I’m in my early 30s, and want to know how to play an instrument and read music.

I didn't take music classes in school, and have never learned to play a musical instrument. 

I can follow along a musical score (most of the time), but I can’t sight read.

I had singing lessons a few years ago – I could sing things like “Avant de quitter ces lieux” from Faust or bits of Mozart, but couldn’t sing in public. Nerves! Odd, since acting and public speaking are easy.

I bought myself a digital keyboard, and taught myself to stammer out a couple of basic songs and a few phrases of Wagner and Meyerbeer on it.

Any suggestions?


----------



## Taggart

Get a teacher.

That way you will learn good habits and not have too much to unlearn.


----------



## WilliamApocalypse

Taggart said:


> Get a teacher.
> 
> That way you will learn good habits and not have too much to unlearn.
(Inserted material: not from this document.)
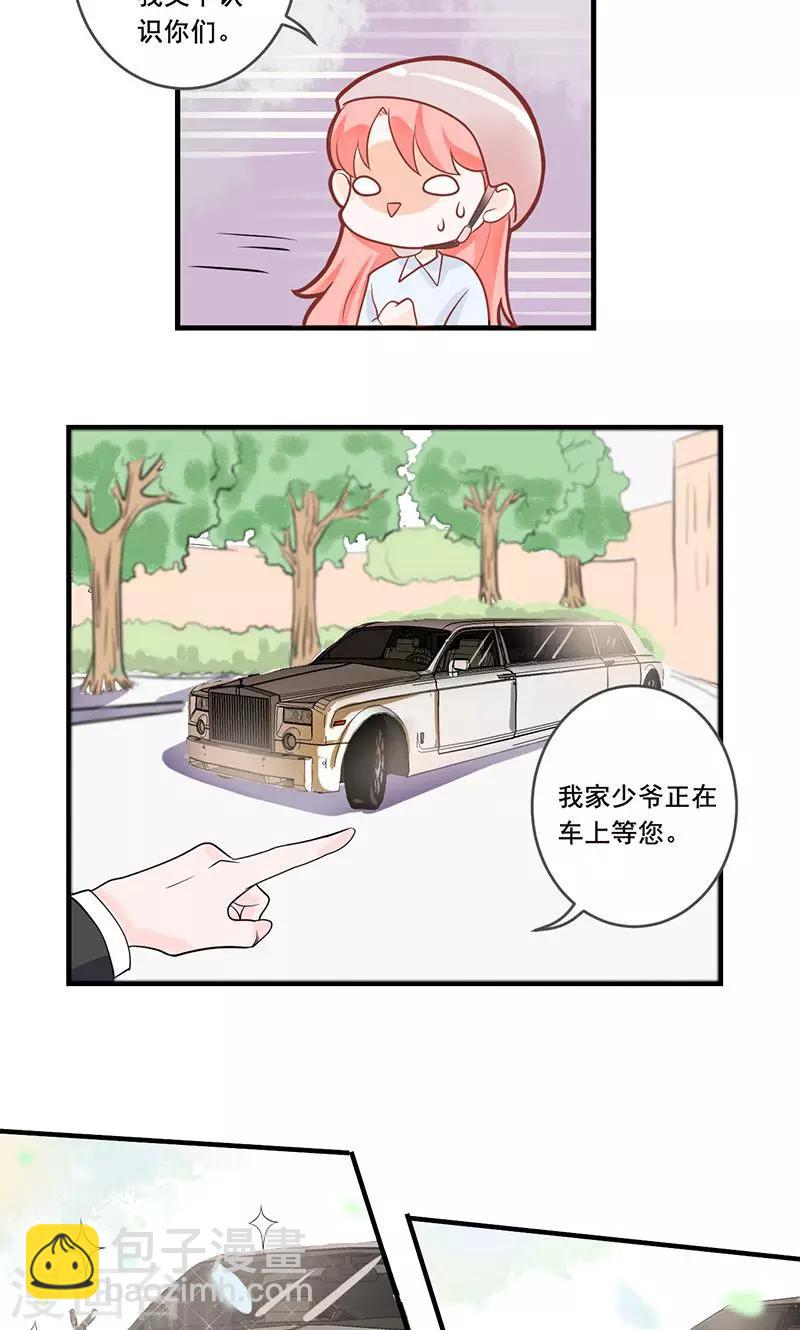 第2话 夏小姐，请跟我们走一趟-第2话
^ this and also, make sure the teacher is right for you. It will take some time to figure it out as you progress but it will help you in the long run to have a teacher and have the correct type of teacher.


----------



## Pugg

WilliamApocalypse said:


> ^ this and also, make sure the teacher is right for you. It will take some time to figure it out as you progress but it will help you in the long run to have a teacher and have the correct type of teacher.


Very valuable point made, it has to work both ways also . Teacher/ pupil and other way around.


----------